「お弁当が本格的なんです!!料理本みたいなんです!!」461個のおべんとう 琥珀糖さんの映画レビュー(感想・評価)
お弁当が本格的なんです!!料理本みたいなんです!!
ぜんぜん男飯ではなかったです。
芸術的なプロ仕様のお弁当でした。
お母さんが作る、イヤ、料理研究家の作るような本格的手作り弁当・・・だった。
(とても、お父さんが作ったとは到底思えないのだった)
(もちろん映画ですよ。インスタ映えも必要ですし・・・)
私は専業主婦だけど、家族に朝ごはんを食べさせながら作るんだから、手間暇は
かけられない。
昨夜のオカズを多めに作り、弁当用によけておくのがメイン。
あとは冷凍食品のお世話になる。
彩のホウレン草のおひたし、きんぴらごぼう、唐揚げなんかで脇を埋めて、
プチトマトを飾れば上出来なお弁当である。
イノッチの扮するミュージシャンのお父さんは、ご飯が炊き上がるところで起床する。
そして一番に野菜を刻む、揚げ物だって揚げる。
卵焼きは定番中の定番だから100%入っている。
だからこの手の込んだお弁当は、
「理想なのだ!」
「神話なのである!」
ミュージシャンのお父さんには、本当に頭が下がる。
そして高校生の息子・虹輝(こうき=道枝駿佑=なにわ男子のメンバー)が素直な良い子であることにも感動する。
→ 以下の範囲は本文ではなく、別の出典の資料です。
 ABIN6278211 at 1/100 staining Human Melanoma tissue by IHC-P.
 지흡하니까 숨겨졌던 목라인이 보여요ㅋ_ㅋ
そもそもお父さんの鈴木一樹(井ノ原快彦)が高校入学した息子・虹輝のお弁当を作る約束をしたのは、
妻との離婚にあった。
父親と母親のどちらと暮らすかの聞かれた虹輝は父親を選んだのだ。
それで高校の3年間、一樹は弁当を作ると約束したのだった。
(離婚で父親を選んだ虹輝には父親の愛情を試す気持ちが、片隅にあったかも知れない・・・)
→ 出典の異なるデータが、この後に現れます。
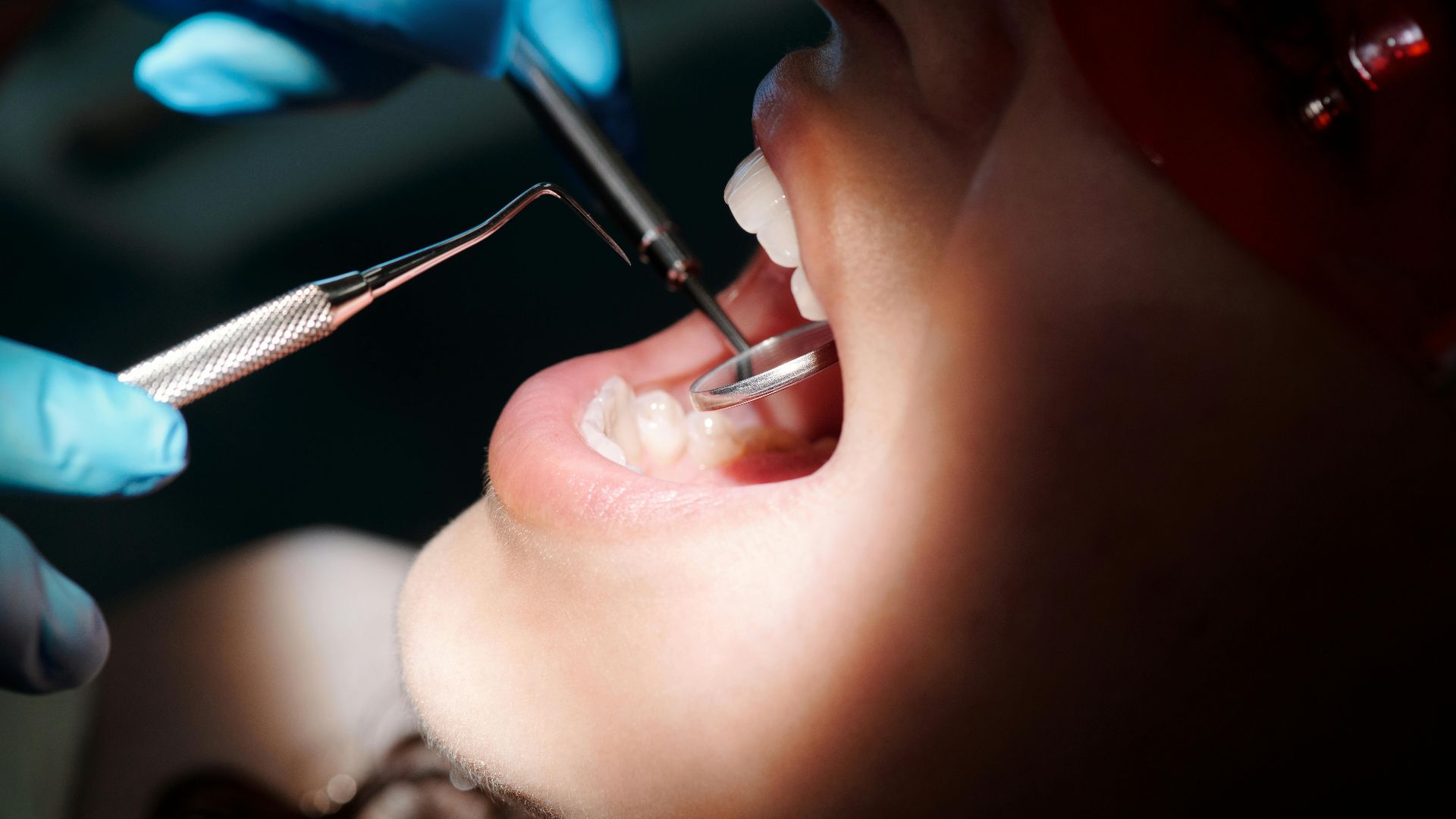 14. La bouche sèche et la récession gingivale deviennent plus fréquentes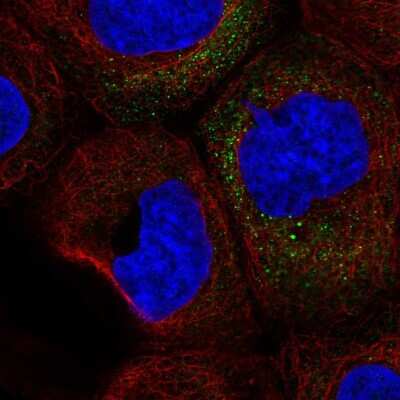 Immunocytochemistry/ Immunofluorescence: GM-CSF Antibody [NBP2-56177]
原作は「TOKYO No. 1 SOUL SET」の渡辺俊美のエッセイ。
井ノ原快彦が気が付かないようでいて優しい心配りの父親を、飾らぬ素顔で演じて好感が持てる。
原作者の渡辺俊美さんが、ライブハウスのオーナー役でカメオ出演している。
2020年劇場公開。
監督は「キセキ あの日のソビト」の金重淳。
イノッチの歌やバンド演奏がたくさん聴けるのも嬉しい。